Liz McMahon might make switch
CHAMPAIGN — When you stand 6-foot-6, as Liz McMahon does, opponents presumably have no problem keeping track of your whereabouts on a volleyball court.
Even in a sport conspicuous for its extraordinary height, a player of the Illinois junior’s physical stature does have a tendency to rise head and shoulders above the crowd.
Just the same, opponents might be advised not to get complacent about McMahon’s exact location in the 2013 Illini lineup.
After playing most of her college career as a right-side hitter, the 2012 All-Big Ten selection could just as well be unleashing her often-unstoppable shots from the left side this season.
“She can do both, and it gives us some incredible flexibility,” Illini coach Kevin Hambly said. “There are so few (players) that can do both like she can at a high level.”
Hambly became convinced of that late last season. As the calendar turned to November with his team mired in a four-match losing streak, the UI coach decided to shift McMahon to outside hitter. The impetus? The Illini’s sixth five-set loss of the season three nights earlier.
“When we started to look at what was the common thread, it came down to the left-side attack at the end (of matches),” Hambly said. “(I thought), you know what, let’s give it a shot.”
When McMahon belted 15 kills and hit .314 in her debut at outside hitter against Indiana, Hambly never looked back.
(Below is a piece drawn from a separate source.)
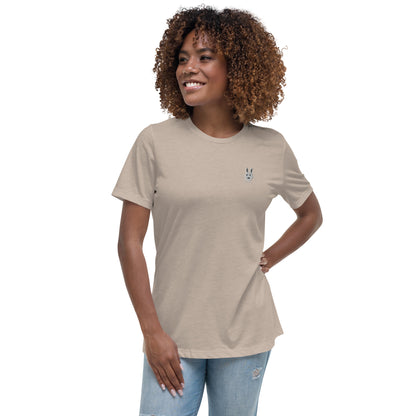 Classic Logo Embroidered Women's Relaxed T-Shirt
“She did great, and I thought she was great the rest of the year,” he said.
As it turned out, the move couldn’t salvage Illinois’ fading attempt to land an NCAA tournament bid. No fault of McMahon’s, however. The Liberty Township, Ohio, native produced at least 15 kills in six of seven matches — including a career-high 30 in a five-set win against Northwestern — following her move to the left side. In that span, McMahon averaged 4.21 kills per set and hit .283. As a right-side hitter last season, she averaged 2.96 kills and hit .264.
In the process, the hot-hitting McMahon warmed to a new position.
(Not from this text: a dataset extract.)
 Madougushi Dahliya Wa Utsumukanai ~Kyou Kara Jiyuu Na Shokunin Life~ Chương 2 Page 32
“I like it,” she said. “You just get more swings on the left, just because it’s an easier set. I really just like the opportunity to have a bigger role.”
Will this also be McMahon’s role in 2013? Despite her success at outside hitter down the stretch last season, don’t assume a permanent position switch is in McMahon’s future. Given her proven versatility — and the potential emergence of one of several promising young outside hitters — Hambly says he’s weighing multiple lineup scenarios entering preseason training camp next month.
“Time will tell, and I don’t really have an answer right now except (that) I like our options and I like our possibilities that are going to be in the gym,” Hambly said. “It will be fun to explore.”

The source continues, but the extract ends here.